人生も半分ぐらい終わってしまった後でようやくその理由が分かりました。


その理由はただひとつ、株式を持っていないから。


現在の社会において富の源泉は株式にあります。


一方、農業生産がGDPの大半を占めていた古代社会では、土地が富の源泉でした。


土地さえあれば、そこに小作人を居住させて、様々な収穫物を得ることができる。


パソコンもテレビも車もゲームも何もない古代社会では、農産物の社会に占める富の割合はとてつもなく高かった。


ゆえに土地こそが富の源泉になったわけです。


これをめぐって様々な戦争が繰り広げられることにもなりました。


しかし、時代が下るにつれて、土地の経済価値は低下していくことになります。


産業革命が起こり、膨大な量と質の工業製品が生産されるようになると、農産物のGDPに占める割合は低下していきました。

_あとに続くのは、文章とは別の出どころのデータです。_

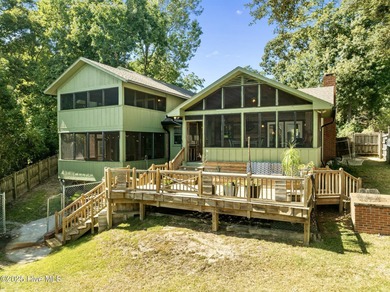 Beach Home For Sale in Hampstead, North Carolina
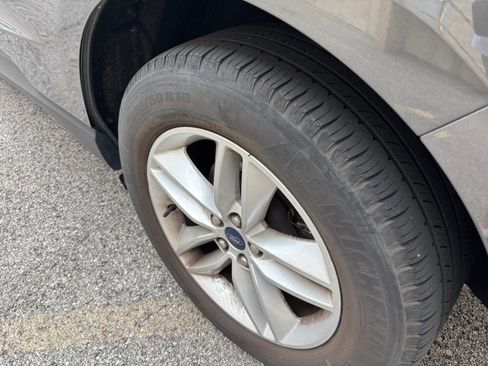 Used 2018 Ford Edge SEL w/ Equipment Group 201A image 14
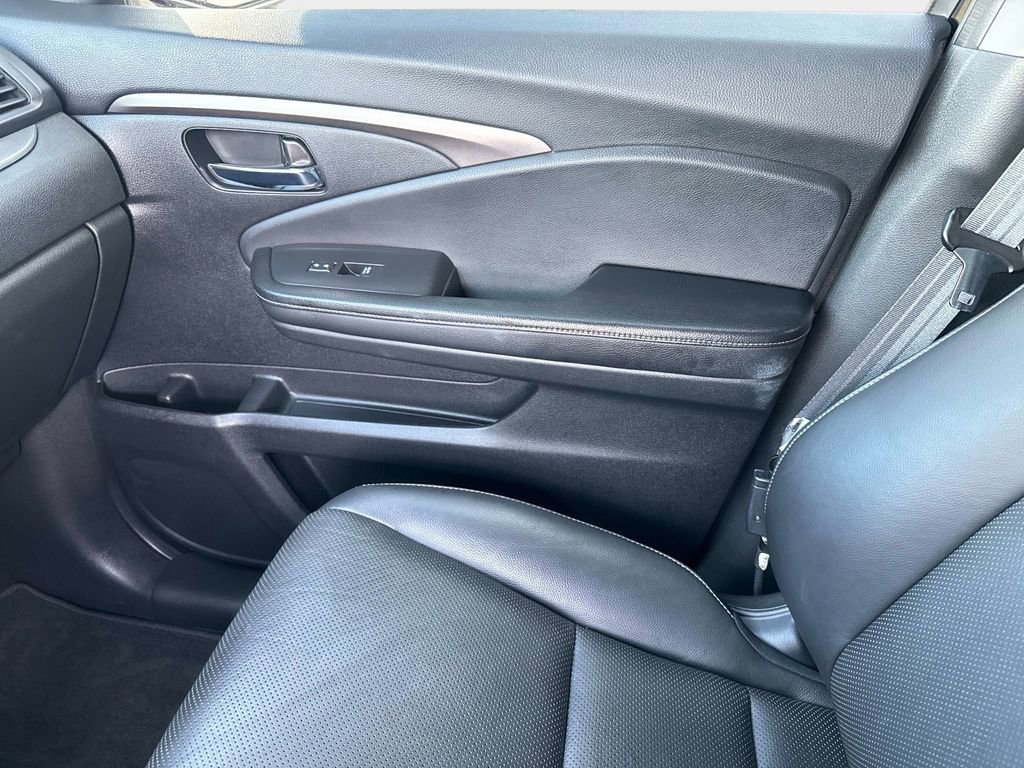 Used 2018 Honda Ridgeline RTL-T image 20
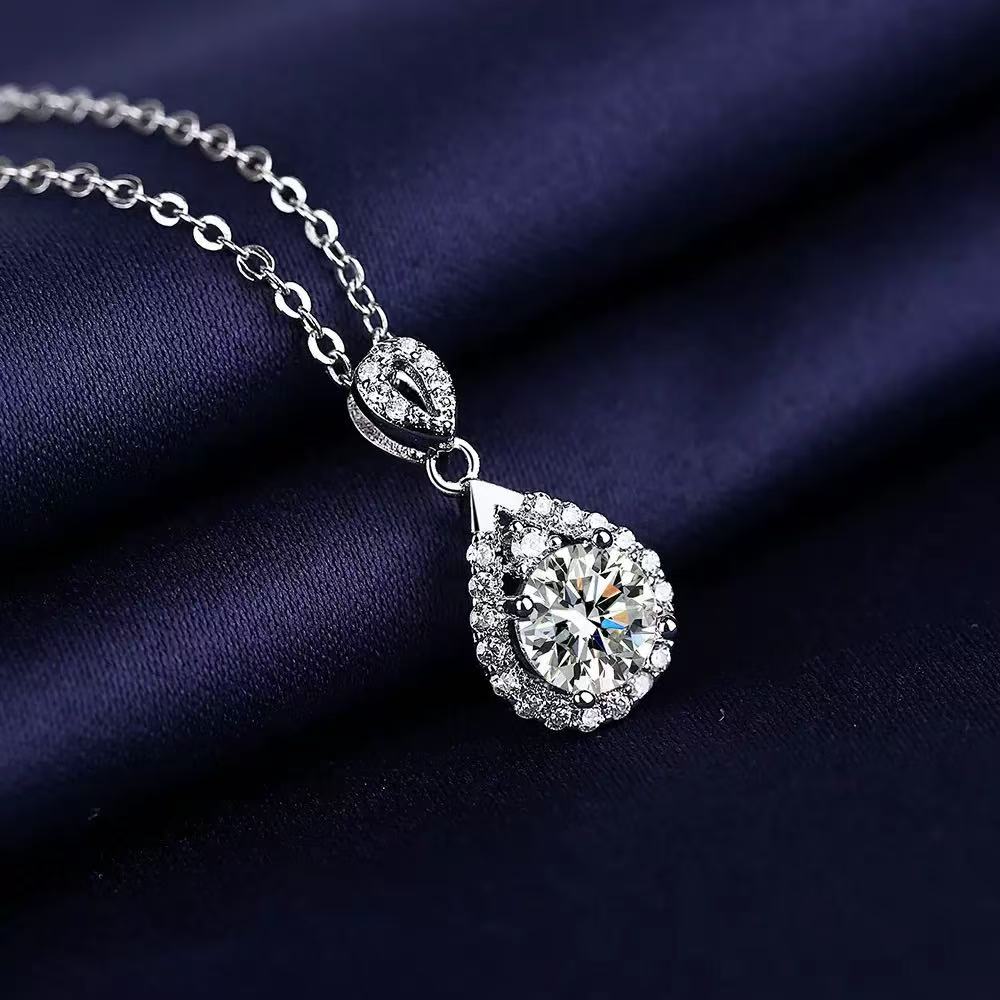 Teardrop 1 Carat Moissanite Diamond Necklace
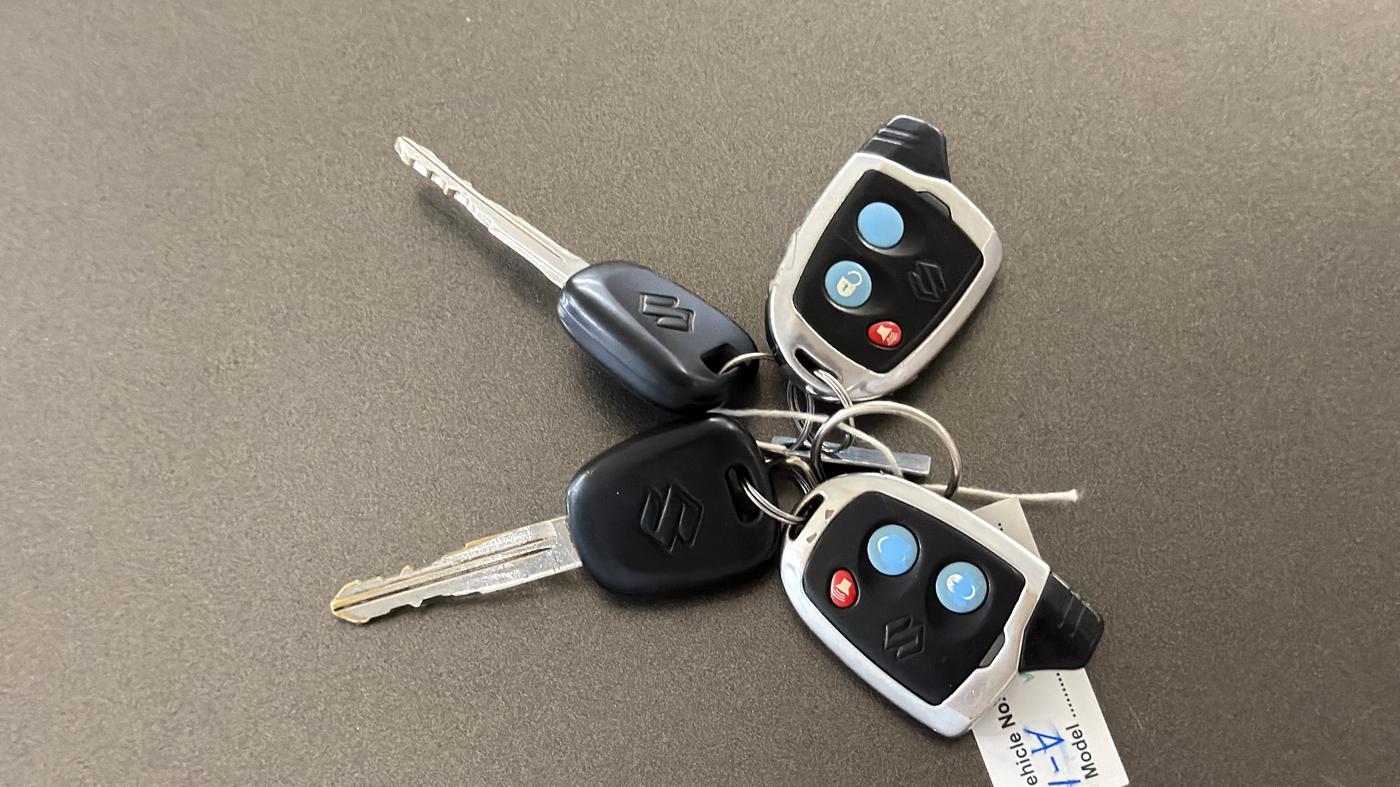 2020 Maruti Swift LXI, Petrol, Manual, 50,718 km, Key Close Up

つまり土地よりも工業の知識や技術の方が富を生み出す原動力としては重要になり、株式会社が形成されて、その所有権こそが新たな富の源泉になりました。


さらに時代が下って、デジタル情報革命が起こると、土地の経済的価値は著しく低下しました。


フェイスブックやグーグルが行う経済活動に土地が重要な役割を果たしていると考える人はいないでしょう。その展開するビジネスの規模からするとあまりにもちっぽけなオフィスしか彼らは使っていません。


デジタルネットワーク上でビジネスを展開する知識や技術、それを発明し運用する「人」こそが彼らの富の源泉であり、それを享受できる会社の所有者が株主です。


もちろん土地には今でも経済的価値が存在しますが、富の源泉としての価値の花形は既に株式に移ったと言えます。